End-to-end pipeline: 10-K download → Item 1A extraction → market outcome labeling
Deterministic section parsing (Item 1A→Item 1B) with audit-ready artifacts
Supervised dataset labeled high-risk on ≥30% drawdown within 90 days post-filing

Overview

An end-to-end pipeline that downloads SEC 10-K filings, extracts Item 1A (Risk Factors) text, and joins each filing to post-filing stock market outcomes to produce a supervised dataset for risk modeling.

Problem

Quantitative analysis of SEC filings requires structured data, but 10-K documents are unstructured HTML/text with inconsistent formatting across companies and years.

Solution

Built a reproducible pipeline that parses Item 1A sections using deterministic boundary detection (Item 1A→Item 1B), retrieves daily adjusted close prices via Alpha Vantage, and labels each filing as high-risk when the stock experienced a ≥30% drawdown within 90 days after filing.

My Contributions

Built download and parsing pipeline for SEC EDGAR 10-K filings

Implemented deterministic section extraction for Item 1A (Risk Factors)
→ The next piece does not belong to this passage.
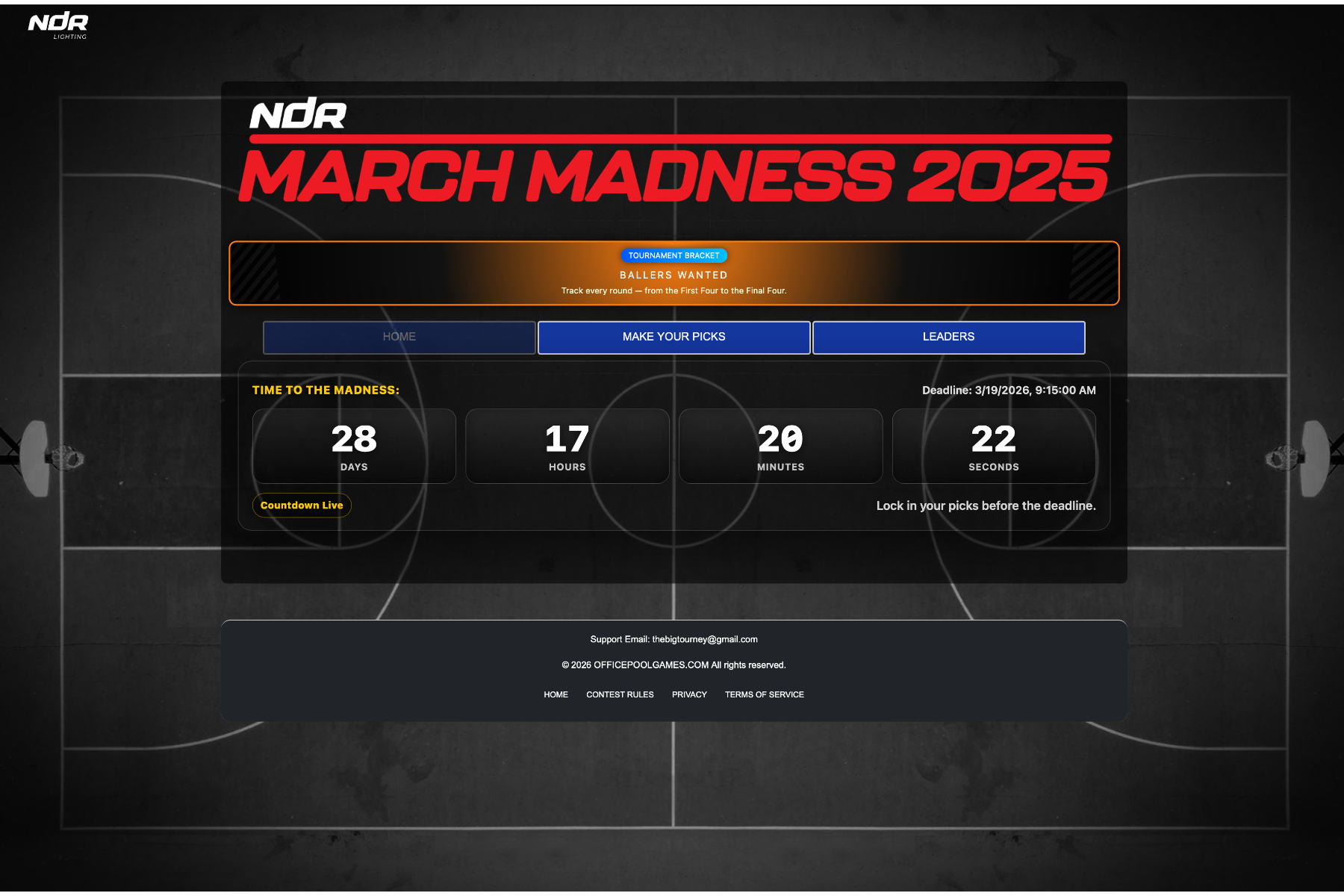 White-label project — branded bracket contest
Created time-series labeling logic using post-filing market data

Produced audit-ready artifacts with one row per filing (CIK, ticker, filing date, accession, risk text)
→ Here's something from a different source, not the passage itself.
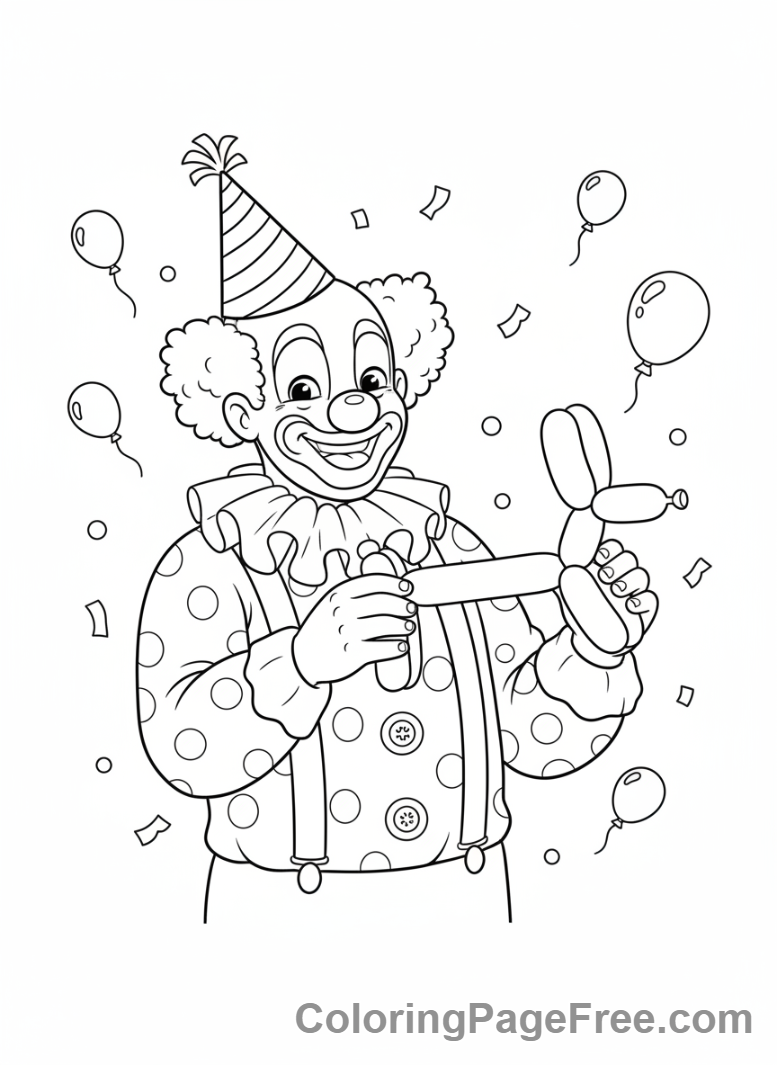 Party coloring page - Clown making balloon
Designed fixed event window definition for reproducible labeling

Dataset & Evaluation

Data Sources: SEC EDGAR (data.sec.gov) for filings, Alpha Vantage for daily adjusted close prices

Output: Supervised dataset with one row per filing, labeled high-risk on ≥30% drawdown within 90-day post-filing window

Challenges & Tradeoffs

Challenge: Inconsistent HTML structure across different companies' 10-K filings made section extraction unreliable.

Solution: Used deterministic boundary parsing (Item 1A→Item 1B markers) with fallback heuristics, validated against a sample of manually reviewed filings.